→ DATASET:
-- Opening Marker --
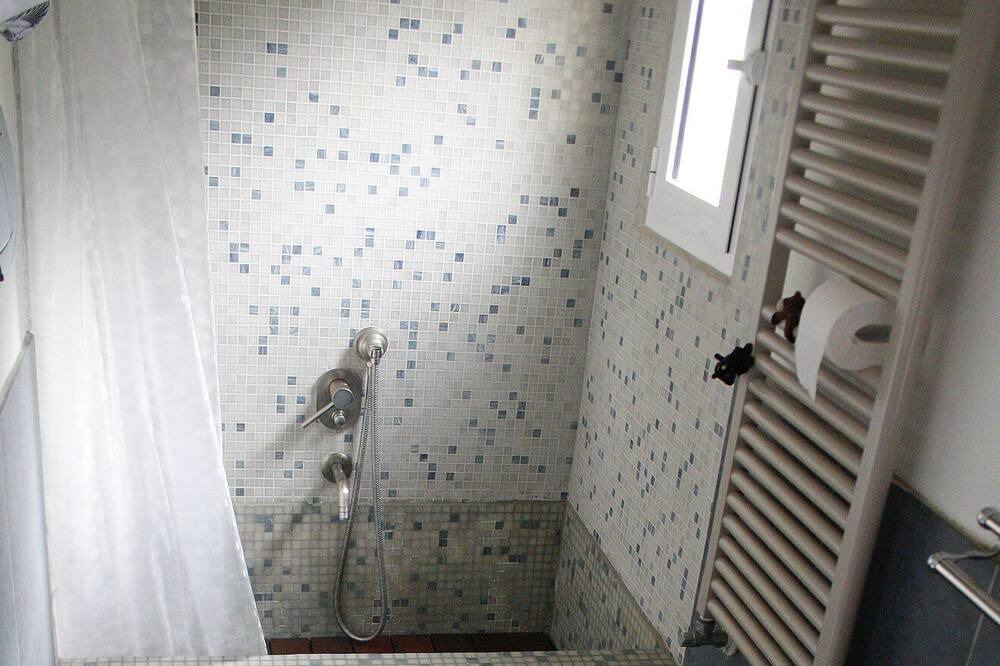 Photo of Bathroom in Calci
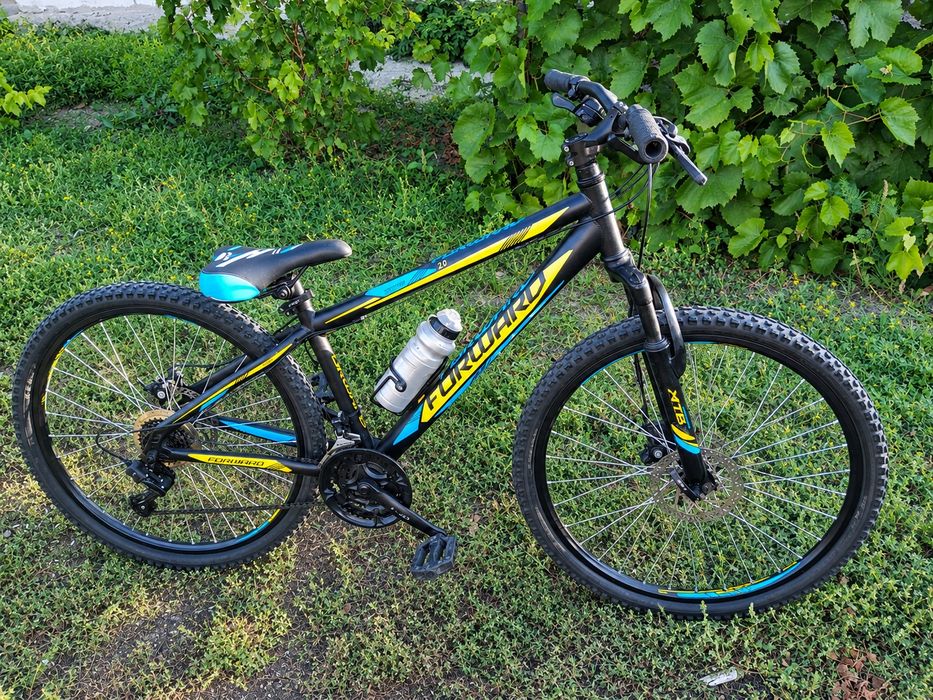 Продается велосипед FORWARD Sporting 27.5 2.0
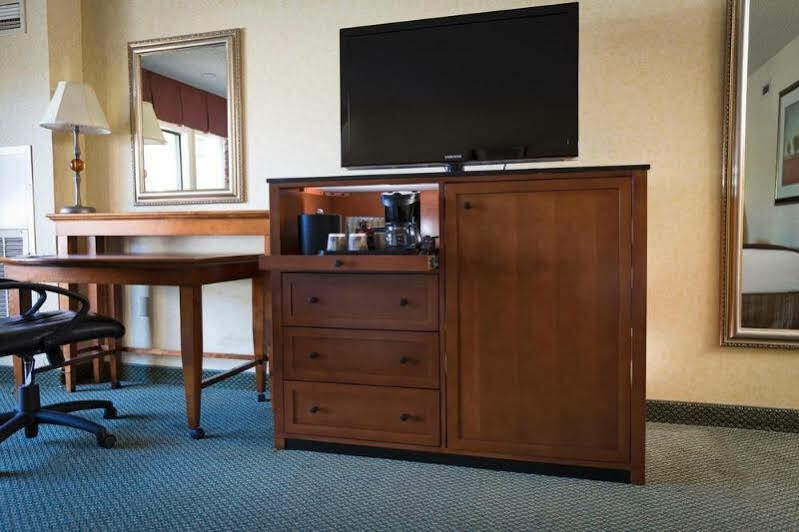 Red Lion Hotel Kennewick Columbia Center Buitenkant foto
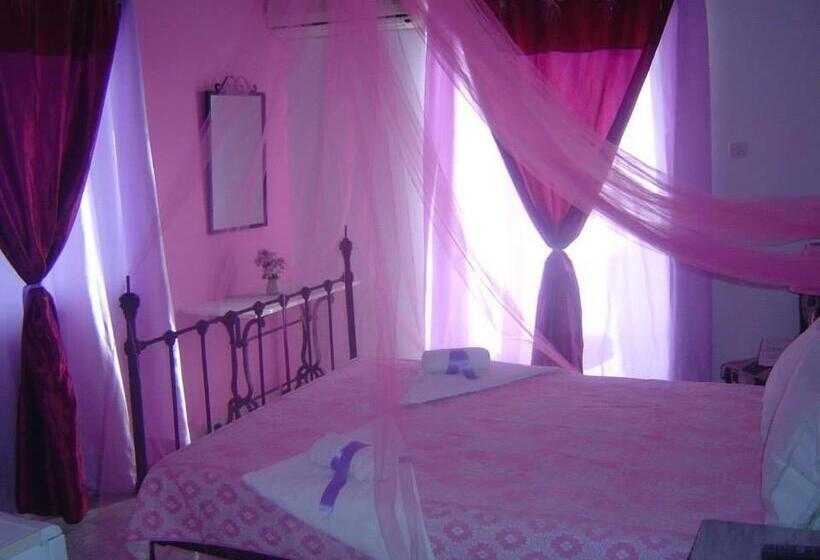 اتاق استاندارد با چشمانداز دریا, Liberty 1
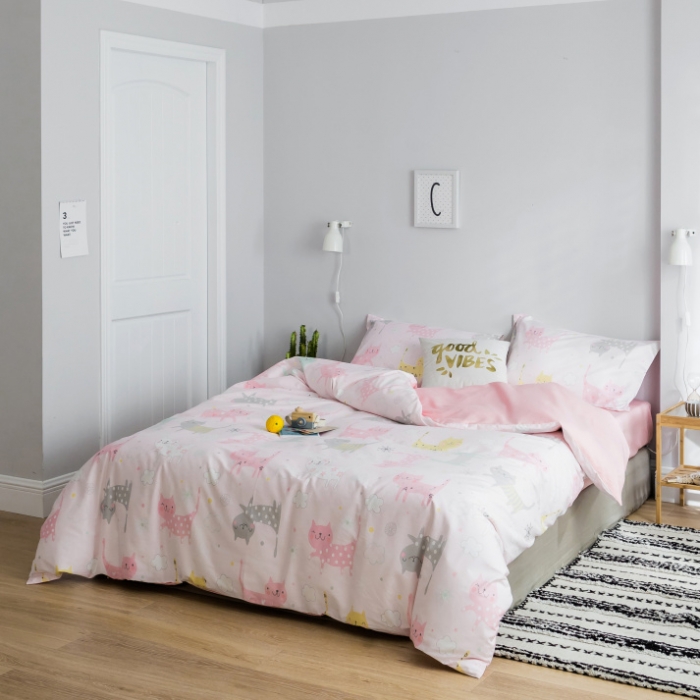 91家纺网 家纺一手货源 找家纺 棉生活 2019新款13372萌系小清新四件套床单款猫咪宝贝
-- Closing Marker --
-- Opening Marker --
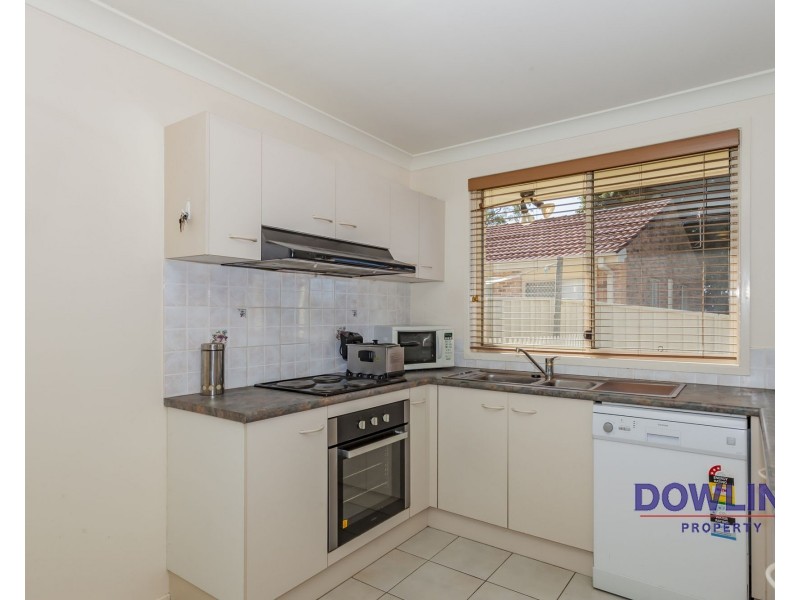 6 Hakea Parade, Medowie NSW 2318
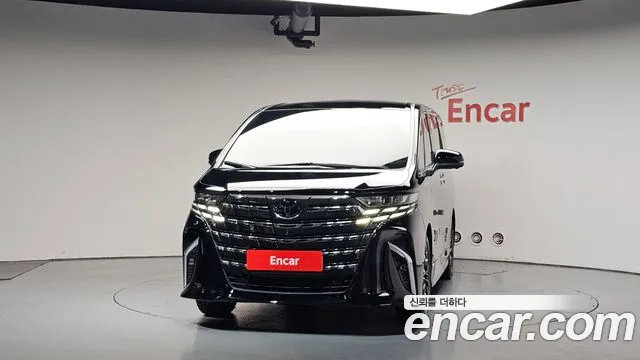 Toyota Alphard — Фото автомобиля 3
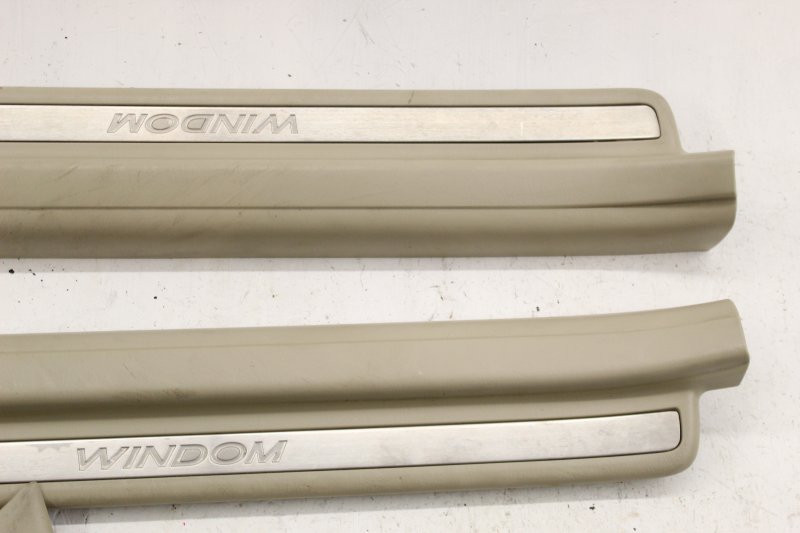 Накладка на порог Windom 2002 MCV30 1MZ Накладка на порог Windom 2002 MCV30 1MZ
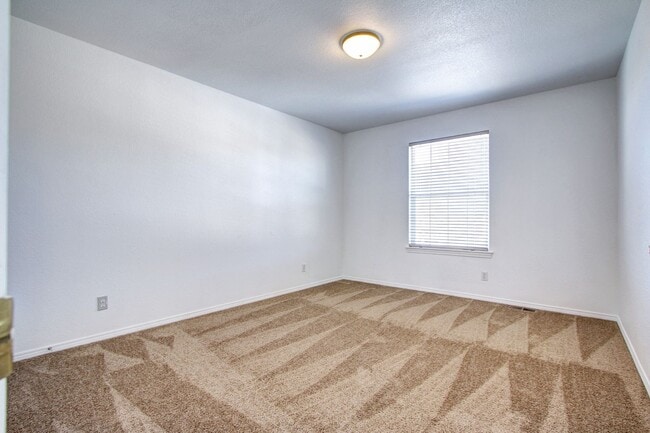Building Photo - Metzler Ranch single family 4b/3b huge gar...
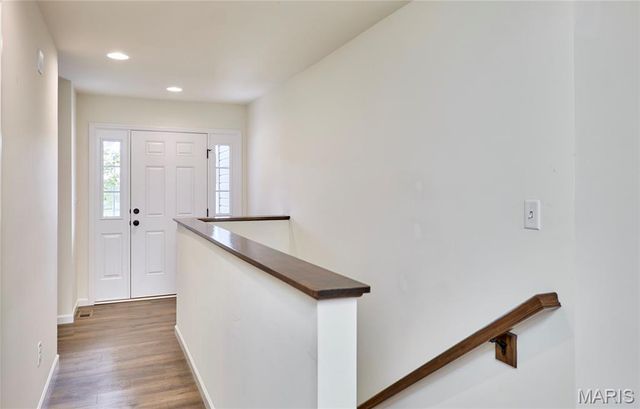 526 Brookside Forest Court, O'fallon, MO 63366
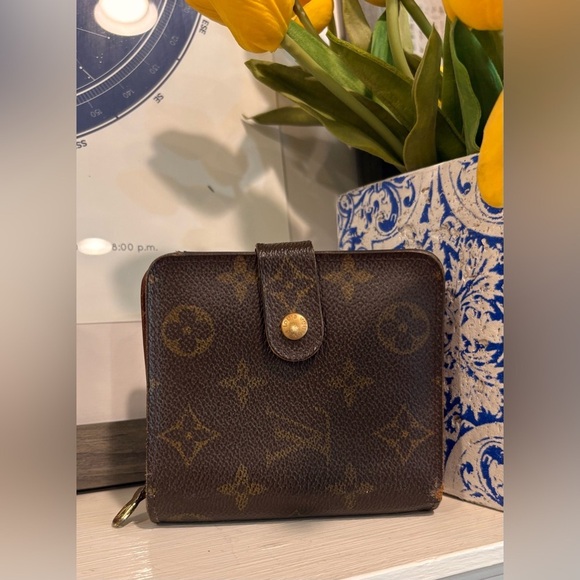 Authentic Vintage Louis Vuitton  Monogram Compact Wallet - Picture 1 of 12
-- Closing Marker --
-- Opening Marker --
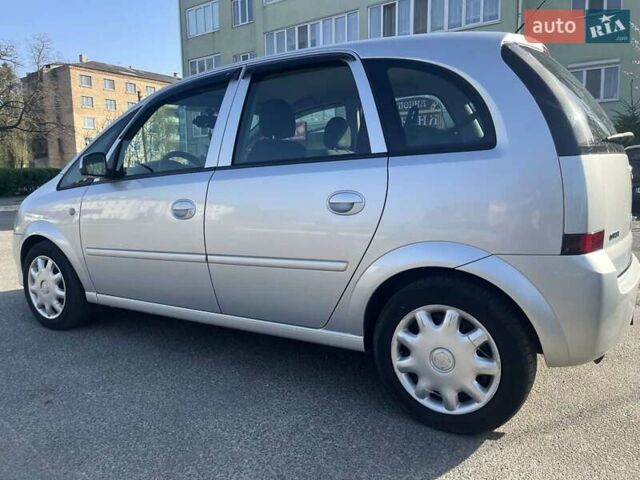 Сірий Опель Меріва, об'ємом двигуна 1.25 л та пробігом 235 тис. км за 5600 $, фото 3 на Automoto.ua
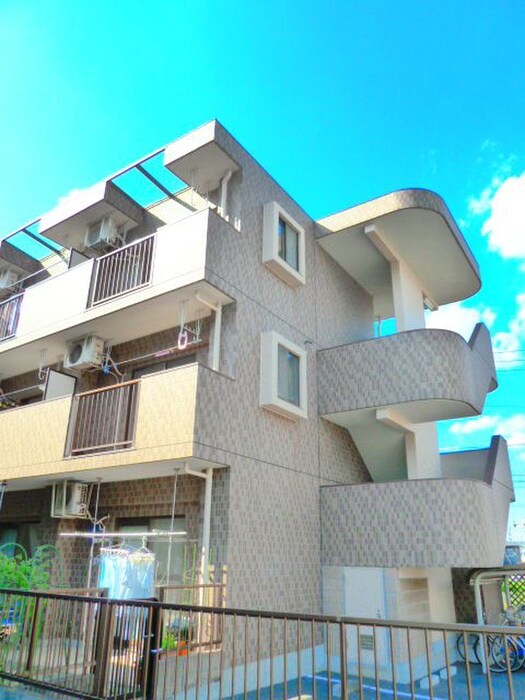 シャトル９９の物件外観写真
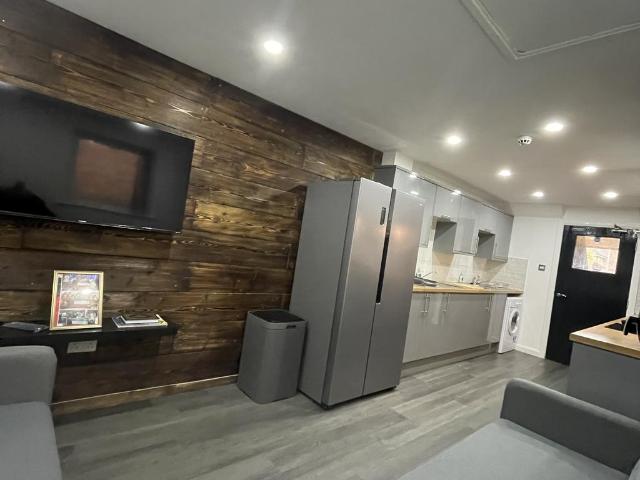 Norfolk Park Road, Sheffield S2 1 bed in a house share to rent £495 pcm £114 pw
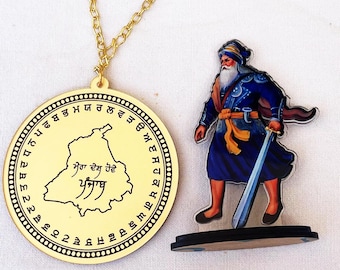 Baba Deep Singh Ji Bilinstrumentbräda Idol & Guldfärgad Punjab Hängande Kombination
-- Closing Marker --
→ ABOUT THIS TASK: Once the line with "Red Lion Hotel" is found in the data above, reproduce it and each line after it exactly, through the line with "91家纺网 家纺一手货源 找家纺". Omit the pictures.

→ OUTPUT:
 Red Lion Hotel Kennewick Columbia Center Buitenkant foto
 اتاق استاندارد با چشمانداز دریا, Liberty 1
 91家纺网 家纺一手货源 找家纺 棉生活 2019新款13372萌系小清新四件套床单款猫咪宝贝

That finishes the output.